What to work on - The data below should be copied out exactly, with its pictures omitted.

The data -
....

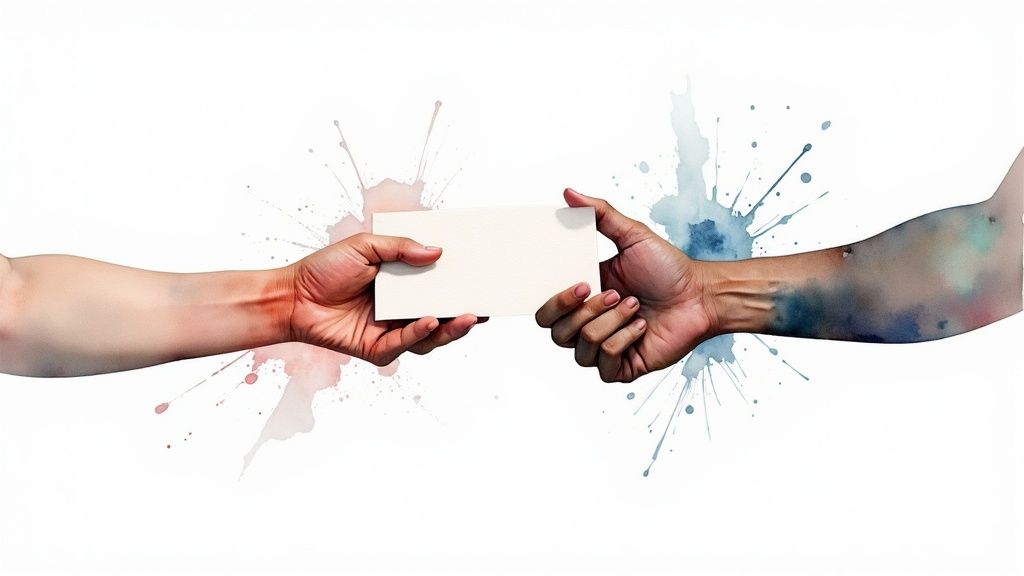 Two hands exchanging a blank white card against a backdrop of colorful watercolor splatters.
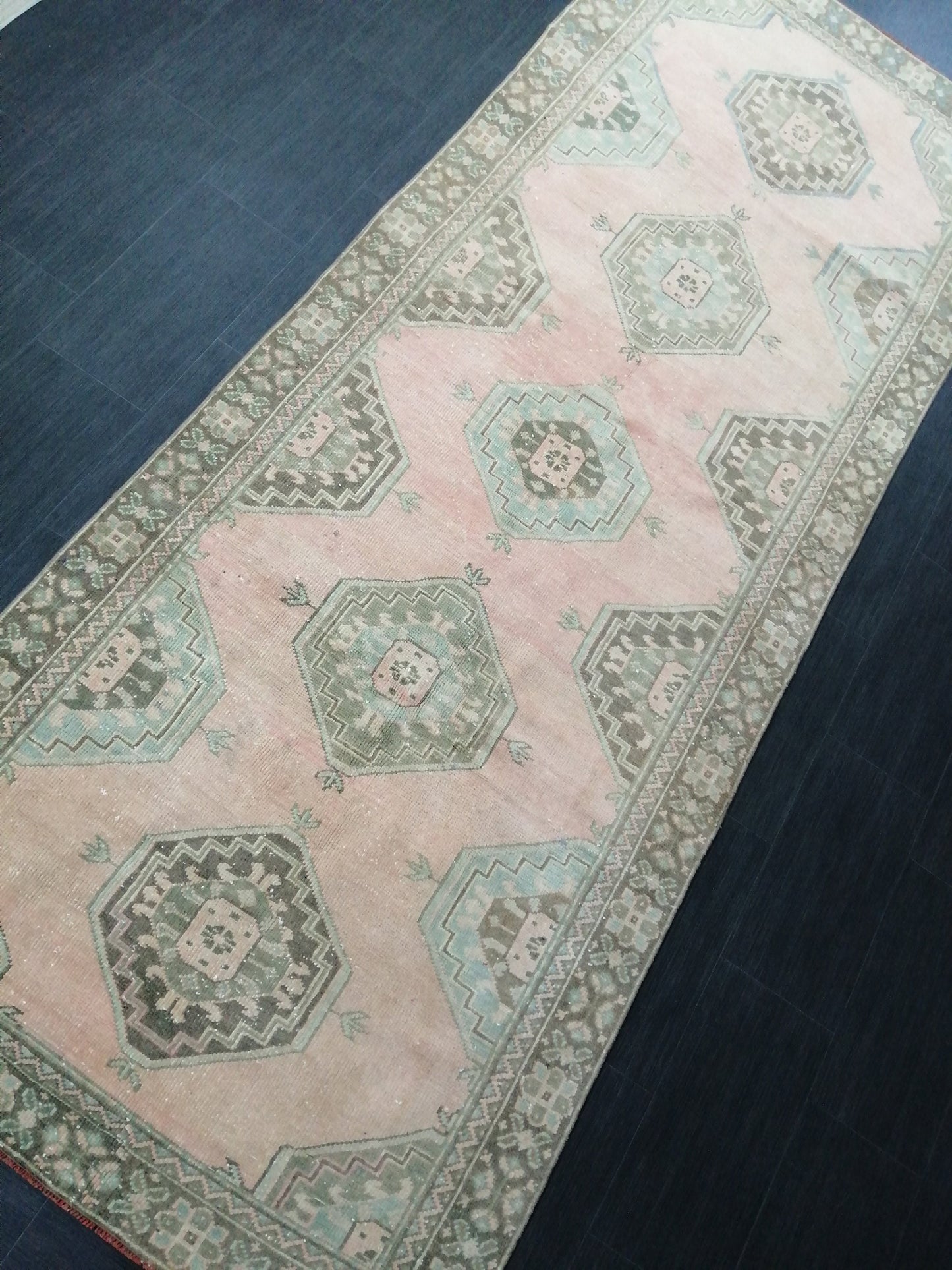 Oushak Runner Rug 10.4 x 4 Vintage Runner Rug Hallway Runner Rug Kitchen Runner Rug Wool Runner Rug Wool Oushak Rug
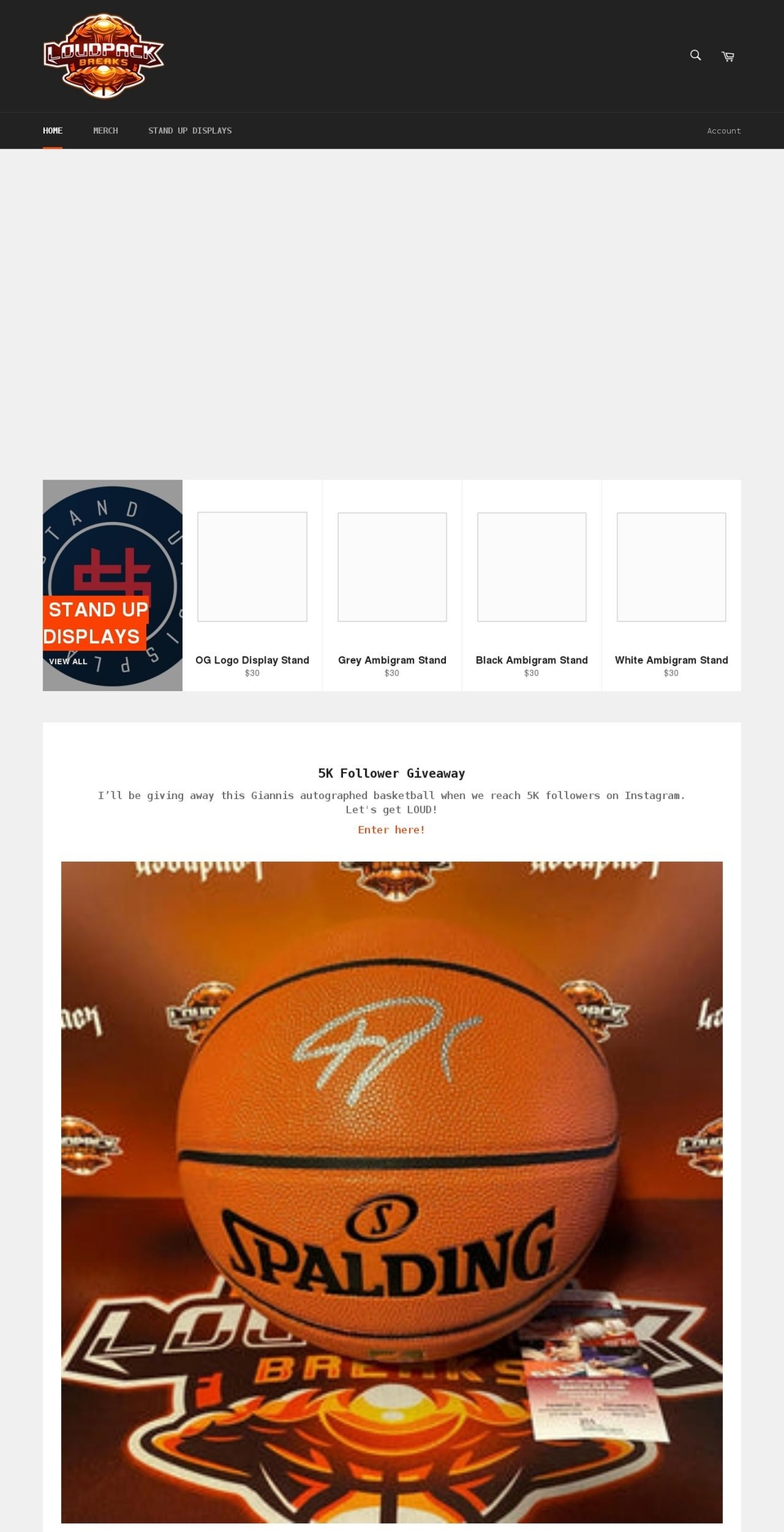 loudpackbreaks.com shopify website screenshot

....

Answer area -
 Two hands exchanging a blank white card against a backdrop of colorful watercolor splatters.
 Oushak Runner Rug 10.4 x 4 Vintage Runner Rug Hallway Runner Rug Kitchen Runner Rug Wool Runner Rug Wool Oushak Rug
 loudpackbreaks.com shopify website screenshot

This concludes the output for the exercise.